トランスジェンダーは「男子の部」「女子の部」? 太田雄貴が考えるスポーツ業界でのLGBT

日本フェンシング協会会長の太田雄貴(左)、東京レインボープライドの共同代表理事 杉山文野(右)




トランスジェンダーは「男子の部」「女子の部」どちらに出場すべき?


杉山:「スポーツとLGBT」でよく話題になるのは、競技種目における男女の境目ですね。トランスジェンダーの方は「男子の部」「女子の部」のどちらに出場すべきか難しいケースや、自身が望む性の競技に出場できないケースも少なくない。

太田:見直したいとは思うのですが、どうしても身体面のギャップは存在しますよね。やはり力などでは男性の方が優位なことが多いので、女性が男性の部に出ることはともかく、男性の体をもった人が女性の競技に出るのは卑怯だと言われかねない。タイムやスコアだけではなく、心理的な面でもアンフェアな印象を与えてしまいます。

杉山:2016年に五輪規定も改訂され、女性から男性へ性を移行したFTM(Female to Male)トランスジェンダーの選手はほぼ無条件で、男性から女性へ移行したMTF(Male to Female)トランスジェンダーの方はいくつかの条件を満たせば自身が望む性別での競技に出場できるようになりました。

まだFTMの選手が男性の部でメダルを取ったというのは聞いたことがありませんが、もしメダルを取るような候補が現れたら「男性ホルモンの摂取量が多いからフェアではないのではないか?」という議論も出てくるかもしれません。

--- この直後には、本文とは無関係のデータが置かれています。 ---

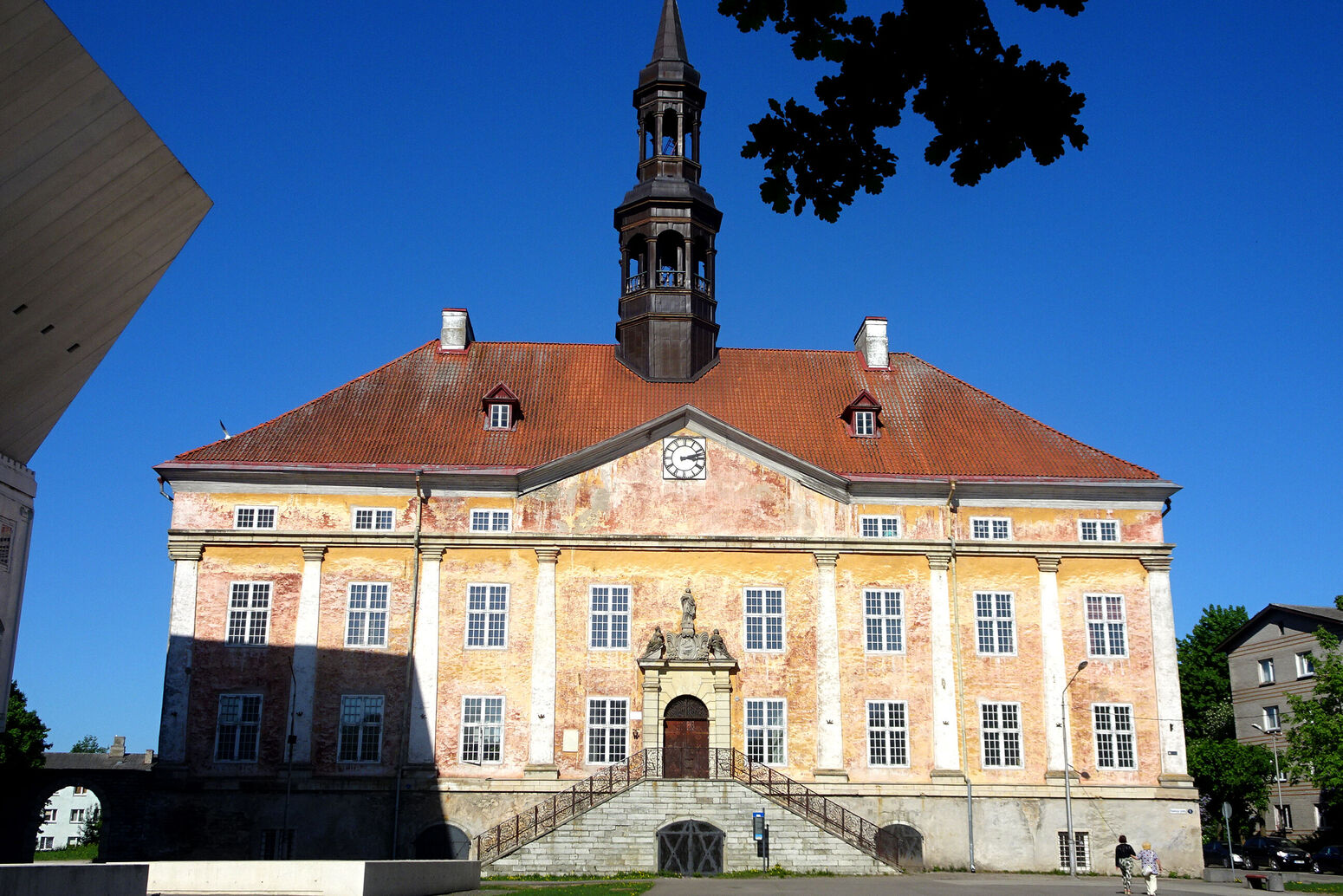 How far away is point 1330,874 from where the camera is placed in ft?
144

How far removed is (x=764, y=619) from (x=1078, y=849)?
10.9 m

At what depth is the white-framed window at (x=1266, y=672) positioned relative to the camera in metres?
59.5

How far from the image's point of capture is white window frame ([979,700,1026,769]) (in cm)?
3831

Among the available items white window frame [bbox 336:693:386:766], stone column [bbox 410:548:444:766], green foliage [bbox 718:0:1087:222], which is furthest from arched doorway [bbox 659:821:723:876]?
green foliage [bbox 718:0:1087:222]

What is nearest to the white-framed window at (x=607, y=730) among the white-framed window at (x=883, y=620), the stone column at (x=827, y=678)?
the stone column at (x=827, y=678)

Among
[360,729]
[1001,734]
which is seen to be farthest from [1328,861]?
[360,729]

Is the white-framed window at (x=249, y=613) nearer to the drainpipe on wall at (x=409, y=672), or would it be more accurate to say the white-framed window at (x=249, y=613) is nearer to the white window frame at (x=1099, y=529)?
the drainpipe on wall at (x=409, y=672)

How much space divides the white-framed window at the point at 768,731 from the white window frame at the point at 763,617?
5.13 feet

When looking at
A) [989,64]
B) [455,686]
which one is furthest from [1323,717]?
[989,64]

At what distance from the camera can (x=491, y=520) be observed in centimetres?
3969

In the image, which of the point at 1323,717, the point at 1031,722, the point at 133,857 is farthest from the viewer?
the point at 1323,717

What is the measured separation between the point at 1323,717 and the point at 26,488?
3737cm

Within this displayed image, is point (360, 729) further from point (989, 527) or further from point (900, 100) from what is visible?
point (900, 100)

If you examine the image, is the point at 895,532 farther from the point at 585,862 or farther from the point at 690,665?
the point at 585,862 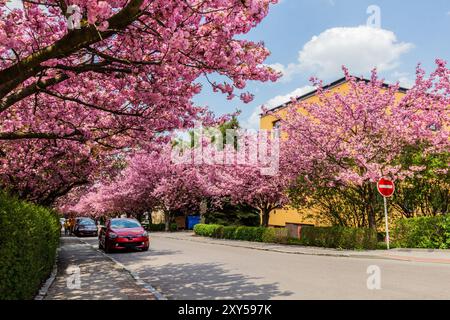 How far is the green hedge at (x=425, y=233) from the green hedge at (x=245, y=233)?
6.67m

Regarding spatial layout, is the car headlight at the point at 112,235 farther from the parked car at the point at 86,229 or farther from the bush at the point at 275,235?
the parked car at the point at 86,229

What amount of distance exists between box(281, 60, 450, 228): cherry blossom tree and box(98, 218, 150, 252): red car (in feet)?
26.1

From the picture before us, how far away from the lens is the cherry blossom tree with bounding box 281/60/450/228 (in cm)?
1738

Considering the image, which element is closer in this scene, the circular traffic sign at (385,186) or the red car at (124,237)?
the circular traffic sign at (385,186)

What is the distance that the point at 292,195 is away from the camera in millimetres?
21781

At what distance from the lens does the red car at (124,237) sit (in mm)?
18125

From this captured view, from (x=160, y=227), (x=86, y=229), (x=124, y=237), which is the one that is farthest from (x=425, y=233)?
(x=160, y=227)

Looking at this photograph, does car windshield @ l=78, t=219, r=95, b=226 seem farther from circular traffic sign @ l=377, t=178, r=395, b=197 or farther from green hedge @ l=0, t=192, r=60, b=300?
green hedge @ l=0, t=192, r=60, b=300

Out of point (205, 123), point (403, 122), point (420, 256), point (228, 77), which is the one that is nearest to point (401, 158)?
point (403, 122)

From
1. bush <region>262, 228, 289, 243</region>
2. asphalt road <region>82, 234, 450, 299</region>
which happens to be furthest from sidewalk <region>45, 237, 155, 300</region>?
bush <region>262, 228, 289, 243</region>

義足の選手が早く走れなかった時代は健常者と同じフィールドで走るのは美談でしたが、健常者よりも早くなってきた昨今ではフェアではないという指摘が出てきたのと同じような感じです。

太田:すぐに答えを出せる問題ではないですよね。いっそ天下一武道会のように、あらゆる規制をなくしてはどうでしょう。

杉山:なるほど(笑)。性別や属性を制限しない種目は、たしかにアリかもしれないですね。ある程度の男女差があるのは仕方がないのかもしれません。ですが、そこにもう一つ、ジェンダーやセクシュアリティの関係しない選択肢もあれば、より多くの人に門戸を開けるはずです。

太田:フェンシングはそういうことを実現しやすい競技だと思います。だからこそ思想を練るだけではなく、会長として実際に行動して結果を残さなければならない。

たとえ男子の部・女子の部ではない「第三の部」をつくったとしても、そこに出場している人が差別的な目線を向けられたら意味がありません。

差別が起こらない仕組みをつくると同時に、LGBTに対する人々の理解を深める必要がある。そのためには杉山さんのような当事者や、当事者に近い立場から発言できる僕たちが、当事者の方々が自信をもって過ごせる振る舞いを見せたいですね。

風通しの悪い組織が「無意識の差別」を生む

杉山:僕がよく言っているのは、多くの差別は悪意からではなく、無意識の習慣から生まれるということです。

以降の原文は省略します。